关山省,省工业厅,三楼会议室。
长条会议桌上,摆放着两排搪瓷缸子,上面“为人民服务”的红字已经斑驳。
桌子的两头,摊开着两份截然不同的报告。
一份,是宁州市项目组递上来的。
《掘进机传动系统攻关阶段性成果汇报》。
厚厚的一沓,字迹工整,配着清晰的结构图和数据表,透着一股老牌工业基地的沉稳和自信。

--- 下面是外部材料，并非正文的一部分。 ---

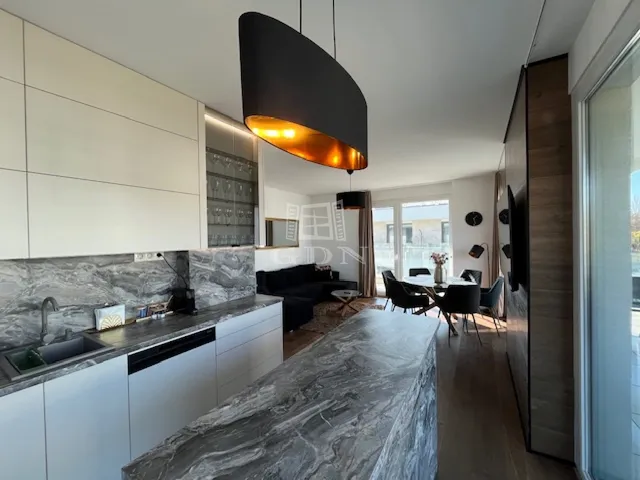 Eladó lakás Balatonlelle 104 nm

另一份,是滨江阳州工业联合体报送的,只有薄薄的几页纸,上面除了几张模糊不清的照片,就是一堆手写的工艺流程简述,字里行间透着一股仓促。
省工业厅厅长马青山,手指在桌面上轻轻敲击着。
他已经盯着这两份报告看了两天,眉头就没松开过。
坐在他对面的,是省厅专家徐志远,一个戴着黑框眼镜,头发梳理得一丝不苟的老知识分子。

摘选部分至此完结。